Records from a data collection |
----------------

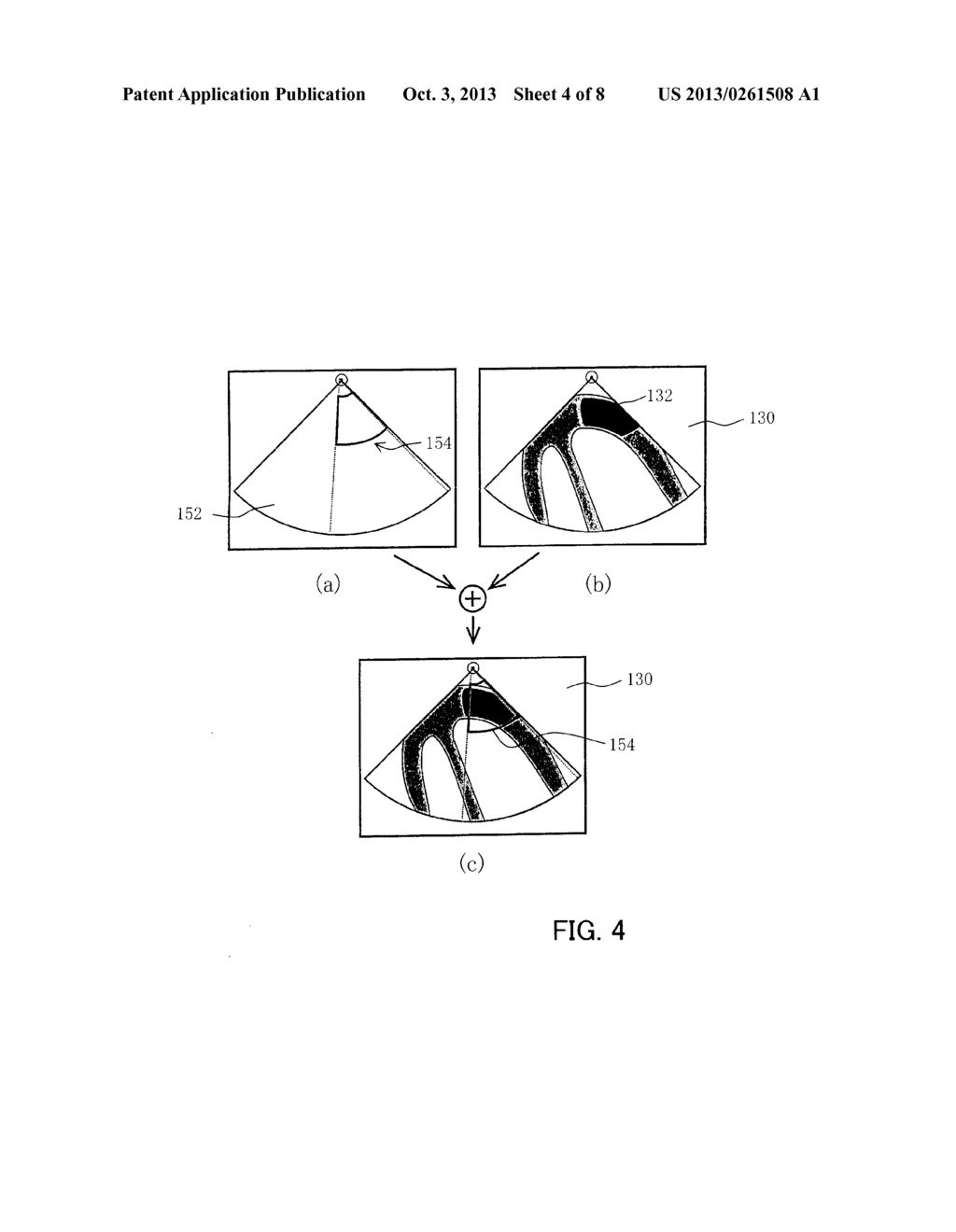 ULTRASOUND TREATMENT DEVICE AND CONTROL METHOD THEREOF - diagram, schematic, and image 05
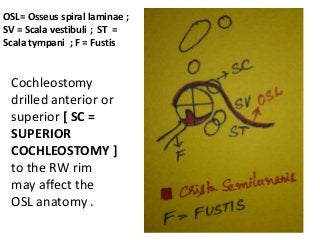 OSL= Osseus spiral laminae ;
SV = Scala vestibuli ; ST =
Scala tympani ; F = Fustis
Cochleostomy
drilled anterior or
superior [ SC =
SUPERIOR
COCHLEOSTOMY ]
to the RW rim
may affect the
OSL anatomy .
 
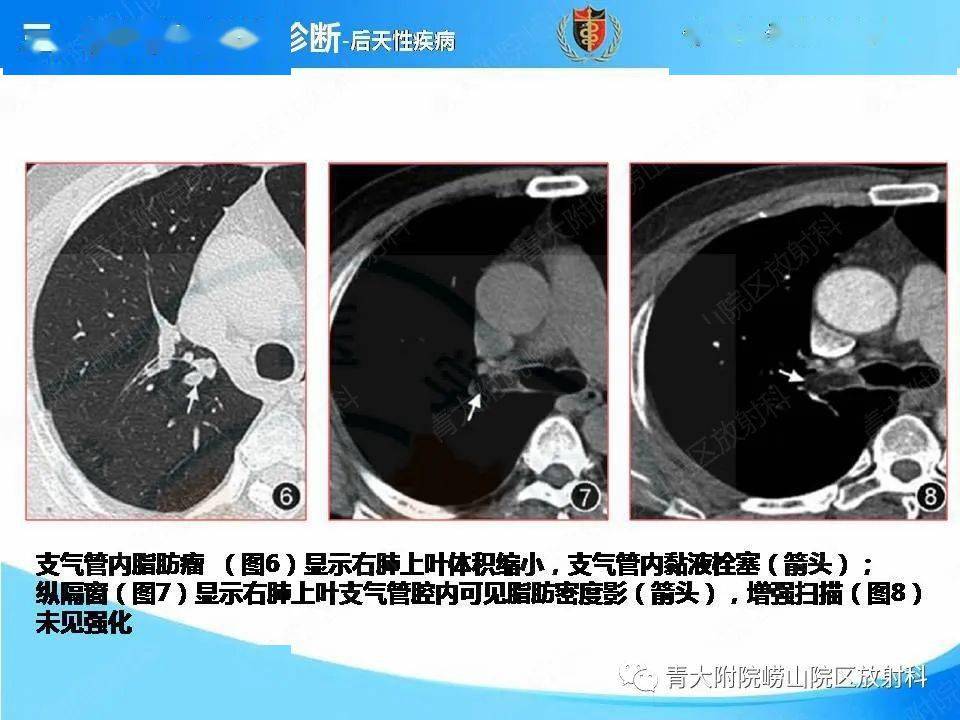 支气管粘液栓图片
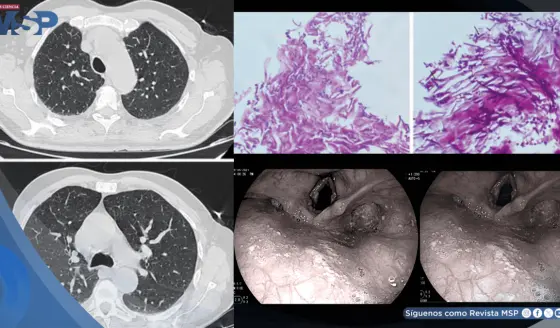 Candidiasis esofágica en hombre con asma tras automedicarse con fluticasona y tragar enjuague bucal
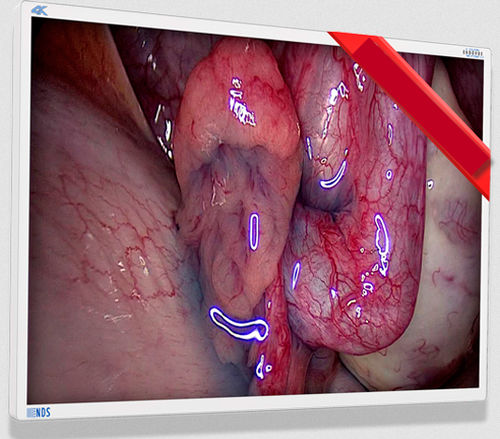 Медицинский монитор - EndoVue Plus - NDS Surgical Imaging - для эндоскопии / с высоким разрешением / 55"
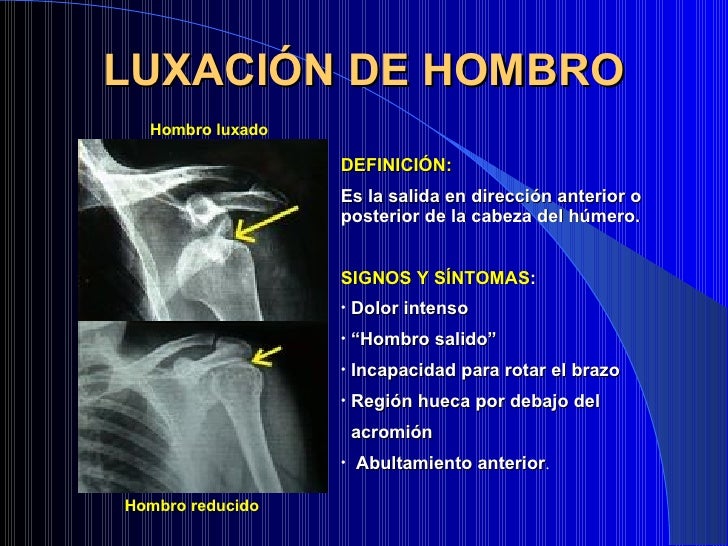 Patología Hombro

----------------

Directions | Each line from the one containing "Медицинский монитор - EndoVue" through the last line of the data should be written out exactly. Skip the pictures, and add no other lines.

Solution |
 Медицинский монитор - EndoVue Plus - NDS Surgical Imaging - для эндоскопии / с высоким разрешением / 55"
 Patología Hombro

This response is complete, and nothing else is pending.